- _Data excerpts_
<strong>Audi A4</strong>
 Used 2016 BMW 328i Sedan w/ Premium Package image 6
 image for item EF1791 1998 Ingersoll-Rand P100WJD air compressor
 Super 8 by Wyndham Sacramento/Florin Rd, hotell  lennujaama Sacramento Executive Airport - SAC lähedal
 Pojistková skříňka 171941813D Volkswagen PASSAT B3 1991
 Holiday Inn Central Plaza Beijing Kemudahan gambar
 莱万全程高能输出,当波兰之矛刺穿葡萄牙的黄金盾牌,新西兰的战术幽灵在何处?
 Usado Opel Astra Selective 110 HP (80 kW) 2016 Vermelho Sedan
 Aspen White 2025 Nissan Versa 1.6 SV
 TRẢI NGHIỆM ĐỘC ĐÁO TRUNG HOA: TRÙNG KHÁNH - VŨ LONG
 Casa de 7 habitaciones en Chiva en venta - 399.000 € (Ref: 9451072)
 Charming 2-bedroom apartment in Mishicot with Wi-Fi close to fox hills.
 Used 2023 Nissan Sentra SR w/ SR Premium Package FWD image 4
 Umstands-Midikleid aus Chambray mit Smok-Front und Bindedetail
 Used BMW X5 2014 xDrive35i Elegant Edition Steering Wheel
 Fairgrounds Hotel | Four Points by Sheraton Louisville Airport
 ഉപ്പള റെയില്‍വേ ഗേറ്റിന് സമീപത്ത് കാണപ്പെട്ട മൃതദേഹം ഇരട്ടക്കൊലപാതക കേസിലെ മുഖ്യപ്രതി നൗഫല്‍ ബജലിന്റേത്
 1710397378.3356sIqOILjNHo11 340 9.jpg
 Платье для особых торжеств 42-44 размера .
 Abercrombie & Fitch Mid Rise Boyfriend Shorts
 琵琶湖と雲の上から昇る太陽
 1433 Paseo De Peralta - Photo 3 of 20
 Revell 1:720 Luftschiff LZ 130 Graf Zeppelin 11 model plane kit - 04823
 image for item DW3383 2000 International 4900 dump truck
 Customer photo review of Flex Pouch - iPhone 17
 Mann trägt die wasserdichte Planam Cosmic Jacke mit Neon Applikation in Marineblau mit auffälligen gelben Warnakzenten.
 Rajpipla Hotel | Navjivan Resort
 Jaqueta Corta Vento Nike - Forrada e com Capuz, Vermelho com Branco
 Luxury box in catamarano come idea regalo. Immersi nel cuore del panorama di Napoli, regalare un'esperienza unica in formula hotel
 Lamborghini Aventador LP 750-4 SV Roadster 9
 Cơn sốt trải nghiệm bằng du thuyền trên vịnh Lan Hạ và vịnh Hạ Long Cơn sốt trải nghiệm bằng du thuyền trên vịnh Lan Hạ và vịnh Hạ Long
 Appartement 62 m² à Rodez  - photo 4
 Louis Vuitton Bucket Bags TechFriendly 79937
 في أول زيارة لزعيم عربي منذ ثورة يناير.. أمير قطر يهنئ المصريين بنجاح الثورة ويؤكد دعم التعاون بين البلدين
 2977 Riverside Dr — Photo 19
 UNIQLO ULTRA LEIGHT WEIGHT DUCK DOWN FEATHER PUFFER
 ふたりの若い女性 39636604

- _Exercise instructions_
State how many lines in the listing above contain "Premium". Offer nothing besides that number.

- _Answer to the exercise_
2